Home | About | Sematext search-lucene.com search-hadoop.com
 Search Hadoop and all its subprojects:

Switch to Threaded View
Hadoop >> mail # general >> one or more file system


Copy link to this message
-
Re: one or more file system
RAID5 is suboptimal for HDFS due to the spindle imbalance issue (among
other problems). Read this paper for details:

"Disks are like Snowflakes: No Two Are Alike"
www.usenix.org/event/hotos11/tech/final_files/Krevat.pdf

For best performance configure your storage as JBOD instead of RAID,
format each spindle as a separate ext4 filesystem, and put a datadir
on each spindle.

Your disk array will have a configuration utility to set JBOD instead
of RAID. Please consult the documentation for your disk array for the
details.

If you must use RAID5 then one filesystem and one datadir is your best option.

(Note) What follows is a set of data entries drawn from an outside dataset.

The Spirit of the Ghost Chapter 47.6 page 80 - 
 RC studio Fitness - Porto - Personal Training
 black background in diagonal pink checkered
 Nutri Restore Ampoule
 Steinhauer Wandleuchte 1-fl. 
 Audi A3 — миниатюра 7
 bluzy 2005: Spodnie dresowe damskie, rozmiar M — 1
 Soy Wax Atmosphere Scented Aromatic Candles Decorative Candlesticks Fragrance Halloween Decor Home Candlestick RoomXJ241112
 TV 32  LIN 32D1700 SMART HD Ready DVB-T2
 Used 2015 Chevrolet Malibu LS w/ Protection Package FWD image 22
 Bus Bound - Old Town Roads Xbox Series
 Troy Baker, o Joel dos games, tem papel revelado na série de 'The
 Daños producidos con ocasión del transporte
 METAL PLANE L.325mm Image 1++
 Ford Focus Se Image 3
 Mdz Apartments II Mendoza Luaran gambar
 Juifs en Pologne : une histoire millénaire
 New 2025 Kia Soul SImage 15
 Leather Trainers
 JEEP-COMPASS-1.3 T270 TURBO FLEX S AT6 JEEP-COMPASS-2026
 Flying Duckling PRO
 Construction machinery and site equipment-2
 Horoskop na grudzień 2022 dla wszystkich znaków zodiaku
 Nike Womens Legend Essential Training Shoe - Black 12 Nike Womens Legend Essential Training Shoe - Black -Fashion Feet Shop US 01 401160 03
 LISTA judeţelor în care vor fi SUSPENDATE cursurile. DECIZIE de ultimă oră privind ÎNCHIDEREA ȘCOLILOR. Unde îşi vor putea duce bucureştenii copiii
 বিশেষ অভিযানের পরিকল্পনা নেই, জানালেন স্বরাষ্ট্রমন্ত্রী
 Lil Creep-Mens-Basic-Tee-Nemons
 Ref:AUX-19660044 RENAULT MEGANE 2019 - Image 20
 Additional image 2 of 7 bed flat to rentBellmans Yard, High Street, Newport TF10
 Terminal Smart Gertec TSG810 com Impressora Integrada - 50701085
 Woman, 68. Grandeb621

For *BAD* performance, put multiple logical volumes on a single RAID
and put multiple datadirs on the RAID. This will result in low IOPS,
low throughput, and high contention.

-andy

On Tue, Oct 9, 2012 at 2:13 AM, Xiang Hua <[EMAIL PROTECTED]> wrote:
> Hi,
>    but how to "configure disk array as JBOD", we plan to use disk array
> with RAID5 and make LUN of 1T.
>   so we have many LUN of the size of 1T. and we mkfs on every LUN,so we
> have  12 fs /data1...../data12, which will be put into HDFS.
>
>
> Best R.
>
> beatls
>
> On Tue, Oct 9, 2012 at 1:45 AM, Andy Isaacson <[EMAIL PROTECTED]> wrote:
>
>> On Mon, Oct 8, 2012 at 8:30 AM, Xiang Hua <[EMAIL PROTECTED]> wrote:
>> > Hi,
>> >    we have 4T disk from a diskarray.
>> >    i want to split 2T*1 to 1T*2, then add to HDFS, which leads to more
>> > local storage directories.
>> >    this time we have 12 local directories(1T), is ti harmful to hdfs
>> > performance?
>>
>> Assuming you're running a modern Hadoop on a recent Linux (2.6.38 or
>> later, or RHEL6):
>>
>> For best performance you should configure your disk array as JBOD
>> rather than RAID, then put one ext4 filesystem on each spindle. Do not
>> put multiple storage directories on a single spindle, that results in
>> very bad performance and no benefit over a single storage directory
>> per spindle. And do not put multiple spindles under a single storage
>> directory, that results in poor utilization and bad performance with
>> no significant benefit.
>>
>> 12 local storage directories will perform just fine assuming you have
>> enough CPU power to use them.
>>
>> -andy
>>